The empire of the World Wide Web was built on shaky foundations due to simple short-sightedness of what this technology would later evolve to become. Behind the web, the protocol that powers the majority of the web today is known as the HyperText Transfer Protocol (HTTP). In its early days, rudimentary browsers were able to parse HTML and rendered data for its users. Most of the data rendered were static; very few dynamic plugins or features were present. Fast forward to the modern web; people use browsers to connect to websites to check their emails, handle banking transactions, purchases, and process sensitive documents (e.g., immigration).

The Shortcomings of HTTP

There are two significant shortcomings of the HTTP protocol that one must understand.

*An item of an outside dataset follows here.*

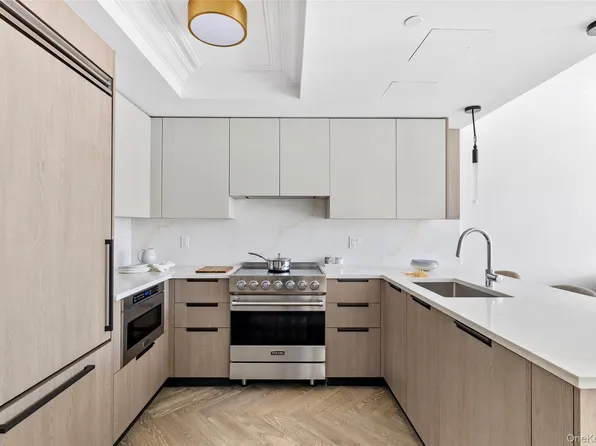 78-29 Austin Street #PH2O, Forest Hills, NY 11375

First, HTTP is in plaintext; this essentially means everything transmitted across the wire is using common words and verbs. This poses a significant privacy concern when people begin to use web sites to perform more sensitive actions such as banking, logins, and messaging, all of this can be intercepted by someone nefarious sitting on the same network.

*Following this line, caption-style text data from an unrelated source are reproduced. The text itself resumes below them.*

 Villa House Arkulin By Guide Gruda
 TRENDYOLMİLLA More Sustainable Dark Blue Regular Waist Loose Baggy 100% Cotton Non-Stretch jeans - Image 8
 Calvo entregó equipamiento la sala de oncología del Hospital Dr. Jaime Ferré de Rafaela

Second, HTTP has no concept of the “state” between connections. Take, for example, an online shopping platform. User Bob bought a bicycle for his birthday, and user Alice purchased a pair of Apple Airpods. The HTTP protocol has no way of differentiating between the two users., and a result, the HTTP cookie was invented in June 1994 by Louis J. Montulli II at Netscape Communications Corporation as a way for websites to track “state.”

On February 12, 1996, HTTP cookies received media wide attention and were discussed in two U.S. Federal Trade Commission hearings due to potential privacy concerns. At the time, users of websites were not informed of cookies, and they were accepted by default.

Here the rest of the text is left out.